In diesem Sinne kontrastieren zwei Fotos den NS-Aufmarsch auf dem Hoherodskopf im Juni 1932 anlässlich der dort mit Beteiligung von NSDAP-Größen wie Hitler und Göring groß inszenierten Sonnenwendfeier und gleich daneben winterliche Freizeitfreuden. Ähnlicher Ort, völlig unterschiedliche Bilder und Zeiten.

Stadtgeschichte

Ein neuer Ausstellungsschwerpunkt ist die Schottener Stadtgeschichte Am 29. Januar 2023 wurde der neue Ausstellungsschwerpunkt eröffnet. Unser Kuratorin Kirstin Hauer erläuterte im Rahmen einer kleinen Feierstunde die Ideen der Kuratoren (neben ihr Friedhelm Krause) und deren praktische Realisierung durch Thomas Scheuermann.

Faktisch handelt es sich um zwei kleine Räume, die eine Themen-Abteilung mit mehreren Jahrhunderten Stadtgeschichte beherbergen. Sie ahnen schon: Das war eine Herausforderung. Und das Problem war nicht nur die Frage: Wie bekommen wir diese lange Zeit der Stadtgeschichte in die Räume? Sondern auch: Wie fügt sich diese Abteilung in den Rundgang ein?

Die im Konzept der Gesamtausstellung vorgesehenen Themen gruppieren sich um die großen Einheiten: Haus, Familie, Stadt und Vogelsbergregion – mit vielen Unter- und Spezialthemen wie den bereits realisierten Ausstellungseinheiten zur Forstschule, zum Thema Holz im Vogelsberg oder den demnächst an den Start gehenden „Rennen rund um Schotten“, deren große Zeit von 1925 bis 1955 noch auf der Museums-to-do-Liste steht.

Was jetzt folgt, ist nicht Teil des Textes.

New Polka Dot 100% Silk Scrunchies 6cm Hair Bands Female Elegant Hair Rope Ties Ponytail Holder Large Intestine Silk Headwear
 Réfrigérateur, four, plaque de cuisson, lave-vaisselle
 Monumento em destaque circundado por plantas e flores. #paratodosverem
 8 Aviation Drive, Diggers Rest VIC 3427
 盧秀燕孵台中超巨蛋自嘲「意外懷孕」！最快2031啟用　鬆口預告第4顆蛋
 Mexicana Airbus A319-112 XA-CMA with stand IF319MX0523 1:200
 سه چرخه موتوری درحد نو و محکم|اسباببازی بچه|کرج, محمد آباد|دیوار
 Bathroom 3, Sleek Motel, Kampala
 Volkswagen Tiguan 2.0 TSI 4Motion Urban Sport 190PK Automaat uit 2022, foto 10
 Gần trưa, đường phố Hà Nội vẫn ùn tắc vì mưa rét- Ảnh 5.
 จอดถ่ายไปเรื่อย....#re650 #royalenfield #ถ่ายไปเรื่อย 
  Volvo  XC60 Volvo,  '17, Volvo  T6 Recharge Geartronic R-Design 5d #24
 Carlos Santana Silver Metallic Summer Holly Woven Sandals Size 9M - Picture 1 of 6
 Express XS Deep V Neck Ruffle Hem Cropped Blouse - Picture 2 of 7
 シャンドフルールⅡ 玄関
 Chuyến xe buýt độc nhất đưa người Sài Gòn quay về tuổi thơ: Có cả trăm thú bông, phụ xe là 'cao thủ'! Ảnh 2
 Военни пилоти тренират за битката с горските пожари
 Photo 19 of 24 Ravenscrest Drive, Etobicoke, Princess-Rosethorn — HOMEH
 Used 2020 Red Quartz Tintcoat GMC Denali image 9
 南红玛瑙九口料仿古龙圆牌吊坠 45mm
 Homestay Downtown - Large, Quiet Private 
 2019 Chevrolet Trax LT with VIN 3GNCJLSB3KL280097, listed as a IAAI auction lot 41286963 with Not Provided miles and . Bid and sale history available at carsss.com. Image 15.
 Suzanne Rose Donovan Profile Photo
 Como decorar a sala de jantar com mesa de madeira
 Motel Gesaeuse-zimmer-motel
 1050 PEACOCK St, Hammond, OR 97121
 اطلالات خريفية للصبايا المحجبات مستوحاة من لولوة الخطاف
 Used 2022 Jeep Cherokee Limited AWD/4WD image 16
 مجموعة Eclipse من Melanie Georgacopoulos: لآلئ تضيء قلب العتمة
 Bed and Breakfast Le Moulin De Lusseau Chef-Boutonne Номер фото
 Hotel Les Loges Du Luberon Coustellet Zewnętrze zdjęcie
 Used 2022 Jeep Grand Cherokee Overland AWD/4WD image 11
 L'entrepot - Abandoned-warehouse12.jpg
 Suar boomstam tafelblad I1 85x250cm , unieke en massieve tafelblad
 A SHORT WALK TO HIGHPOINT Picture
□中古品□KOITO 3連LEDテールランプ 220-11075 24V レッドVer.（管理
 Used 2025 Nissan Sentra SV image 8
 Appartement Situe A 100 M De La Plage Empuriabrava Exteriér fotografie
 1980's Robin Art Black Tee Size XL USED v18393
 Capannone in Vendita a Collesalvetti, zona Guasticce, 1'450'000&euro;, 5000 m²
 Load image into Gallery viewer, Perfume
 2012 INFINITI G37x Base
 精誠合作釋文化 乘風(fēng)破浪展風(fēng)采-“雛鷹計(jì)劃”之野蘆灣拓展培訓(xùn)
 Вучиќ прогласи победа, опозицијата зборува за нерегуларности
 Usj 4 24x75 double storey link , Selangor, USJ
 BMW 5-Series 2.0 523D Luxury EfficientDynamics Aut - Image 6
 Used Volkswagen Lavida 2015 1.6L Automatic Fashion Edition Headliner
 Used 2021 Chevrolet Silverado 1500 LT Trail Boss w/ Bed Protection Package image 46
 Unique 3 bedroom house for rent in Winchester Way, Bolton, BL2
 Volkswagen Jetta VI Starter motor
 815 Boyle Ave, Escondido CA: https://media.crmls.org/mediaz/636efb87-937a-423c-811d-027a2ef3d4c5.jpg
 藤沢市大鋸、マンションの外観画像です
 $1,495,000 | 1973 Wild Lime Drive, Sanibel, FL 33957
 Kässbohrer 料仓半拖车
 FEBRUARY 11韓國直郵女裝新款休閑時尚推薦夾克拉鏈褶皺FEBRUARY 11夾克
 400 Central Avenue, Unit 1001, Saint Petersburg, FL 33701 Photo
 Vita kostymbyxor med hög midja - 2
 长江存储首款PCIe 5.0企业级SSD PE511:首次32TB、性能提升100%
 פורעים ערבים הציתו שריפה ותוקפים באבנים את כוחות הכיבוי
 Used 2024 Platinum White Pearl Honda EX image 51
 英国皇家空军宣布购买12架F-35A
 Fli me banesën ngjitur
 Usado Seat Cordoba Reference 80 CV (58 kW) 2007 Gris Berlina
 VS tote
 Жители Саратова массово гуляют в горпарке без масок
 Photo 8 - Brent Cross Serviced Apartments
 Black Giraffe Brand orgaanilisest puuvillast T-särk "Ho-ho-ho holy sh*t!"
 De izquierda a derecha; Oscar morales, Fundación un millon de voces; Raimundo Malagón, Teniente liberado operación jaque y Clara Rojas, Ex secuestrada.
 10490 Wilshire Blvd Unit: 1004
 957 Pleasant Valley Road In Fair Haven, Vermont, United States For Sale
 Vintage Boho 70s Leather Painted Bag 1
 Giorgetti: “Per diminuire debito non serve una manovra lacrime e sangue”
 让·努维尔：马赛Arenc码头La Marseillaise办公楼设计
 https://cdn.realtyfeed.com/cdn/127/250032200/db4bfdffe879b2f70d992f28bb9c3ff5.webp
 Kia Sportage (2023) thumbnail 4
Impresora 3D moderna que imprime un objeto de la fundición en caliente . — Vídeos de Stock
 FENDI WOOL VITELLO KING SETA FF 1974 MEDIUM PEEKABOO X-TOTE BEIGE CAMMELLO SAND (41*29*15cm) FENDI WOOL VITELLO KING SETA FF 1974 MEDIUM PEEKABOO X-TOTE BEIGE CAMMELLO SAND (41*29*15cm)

Ein so großer Fundus, wie er in Schotten vorliegt, ist ein Luxusproblem, aber am Ende dennoch ein Problem. Und manchmal kommt alles zusammen und dann wird zu allem Überfluss noch die Frage relevant: Wie soll eigentlich die Besucherführung organisiert werden? Im vorliegenden Fall der Stadtgeschichtsabteilung sind zwei Rundgangsvarianten möglich, die bereits vor Jahren im Konzept sinnvoll zu gestalten waren: Das Problem war nämlich, dass Besucher müssen sich entscheiden müssen, ob sie vom Flur aus zunächst in die authentischen Räume der Familie oder direkt in die stadthistorische Abteilung gehen wollen

Kommt der Besucher die Treppe zur „Beletage“ hinauf, sieht er ein großes Wandbild Schottens mit einigen Attraktionen der Stadt, das sie in der Vogelsbergregion verortet, die im obersten Stockwerk die Hauptrolle spielt. Diese Position bildet sowohl den Auftakt für die Stadtgeschichte als auch die Kulisse der Familiengeschichte, lässt den Besucher von der Gegenwart in die Vergangenheit wandern.

Wer von hier geradeaus in die Stadtgeschichte weitergeht, kann sie chronologisch nachvollziehen von den Anfängen, einer Kirchengründung in Buchonia, über die erste Blüte als Wallfahrtsort im 14. Jahrhundert, in dem Schotten auch seine Stadtrechte und zwei Stadtherren erhielt, die Trimberger und die Eppsteiner. Danach charakterisieren bunte Herrschaftsverhältnisse das Schicksal der Stadt, die Anfang des 15. Jahrhunderts schließlich unter die Verwaltung der hessischen Landesherren kam und 1583 durch Tausch an Landgraf Georg I. von Hessen-Darmstadt überging.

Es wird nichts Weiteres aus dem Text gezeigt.